I seem to do a TON of laundry. Anyone else? And with #3 on the way it will only increase. I'm not complaining.. I don't really mind.. although at times I have to step back in wonder at just how much laundry I can do each week. Awhile ago, when we started cloth diapering, I bought Country Save detergent in bulk on Amazon. It was inexpensive, easy on the environment, and I could use it both for the diapers and for our clothes. The thing is.. I didn't really like it for our clothes. It didn't seem to really get things clean enough for my liking. I was having a hard time stomaching the price of laundry soap, though. Cue the Duggar's. I love the Duggar's. A family that lives by their convictions, is debt free, and finds a way to be frugal at every turn - I honestly wish I could spend a few days with Michelle Duggar.. or that she was a neighbor.. so I could just watch their family in action. As I was reading through their book (which I totally recommend) I came across their recipe for clothes soap and decided to give it a whirl. (You can find their recipe
HERE.) Within 20 minutes I was done and I had 10 gallons (yep, 10) of laundry soap. And, yes, this is for HE front loaders! Here is how I did it!

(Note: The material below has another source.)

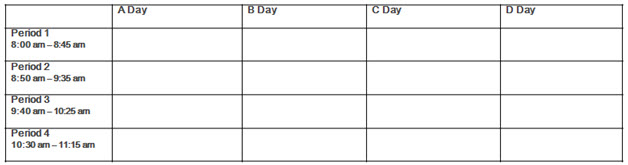 Scheduling grid pic 5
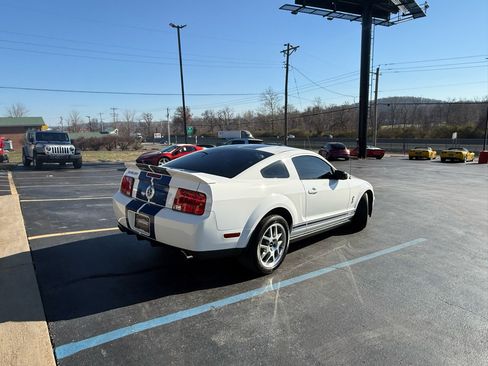 Used 2007 Ford Mustang Shelby GT500 image 3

Ingredients for the actual soap:1 bar Fels Naptha, grated (plain ol' Ivory works, too.. just nothing with perfumes or dyes)
4 cups hot water
1 cup Arm and Hammer washing soda (not baking soda, not A&H detergent!!)
1/2 cup Borax
Other necessities:
2 - 5 gallon buckets, plus lids (less than $3 a piece at Walmart)
1/4 cup measure
Soap dispenser (I used a water dispenser I picked up at Walmart, it was about $6)
How to:
Grate soap and add it into the 4 cups of hot water - stir over medium/low heat until dissolved. Fill your two 5 gallon buckets half full with hot water and put half of the soap water mixture in each bucket. Put 1/2 cup Arm and Hammer washing soda in each bucket, as well as 1/4 cup Borax in each bucket. Stir until it is all dissolved.
Because I'm kinda lazy I used a drywall-mixer-attachment-thing to stir it up.. and it worked great!
Fill with more water to the top of the bucket. That's it! At this point, I would recommend filling your soap dispenser up about half way.
FYI, homies: the soap kinda gels up so you have to shake your soap dispenser before each use and you have to stir up the 5 gallon buckets before you refill your soap dispenser. This is why I think it is best to just dilute the mixture when you make it (the Duggar's don't). Also, I still use Country Save for our diapers. I don't know if you can use this on your cloth diapers or not!
1 recipe of this stuff - 640 loads of laundry
1/4 cup of the soap per load.
And because Ruth asked, here is how I store it all:
Happy washing!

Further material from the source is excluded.